- Data for review -
*** Block opens ***

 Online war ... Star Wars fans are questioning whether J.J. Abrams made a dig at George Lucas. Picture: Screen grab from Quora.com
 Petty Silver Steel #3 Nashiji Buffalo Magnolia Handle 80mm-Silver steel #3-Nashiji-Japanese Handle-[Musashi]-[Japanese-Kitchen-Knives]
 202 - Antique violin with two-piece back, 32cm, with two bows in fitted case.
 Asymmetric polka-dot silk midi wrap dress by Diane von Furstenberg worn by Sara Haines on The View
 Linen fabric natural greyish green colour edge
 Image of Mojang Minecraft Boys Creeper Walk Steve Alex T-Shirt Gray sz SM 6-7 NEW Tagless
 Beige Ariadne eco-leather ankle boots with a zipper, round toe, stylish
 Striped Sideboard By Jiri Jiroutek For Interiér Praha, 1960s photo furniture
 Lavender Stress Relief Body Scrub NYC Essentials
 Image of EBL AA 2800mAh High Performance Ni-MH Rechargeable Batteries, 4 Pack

*** Block closes ***

- Problem details -
Using the data above, extract exactly the lines from the one that holds "Asymmetric polka-dot silk" to the one that holds "Image of Mojang", both ends included, and no others.

- Written solution -
 Asymmetric polka-dot silk midi wrap dress by Diane von Furstenberg worn by Sara Haines on The View
 Linen fabric natural greyish green colour edge
 Image of Mojang Minecraft Boys Creeper Walk Steve Alex T-Shirt Gray sz SM 6-7 NEW Tagless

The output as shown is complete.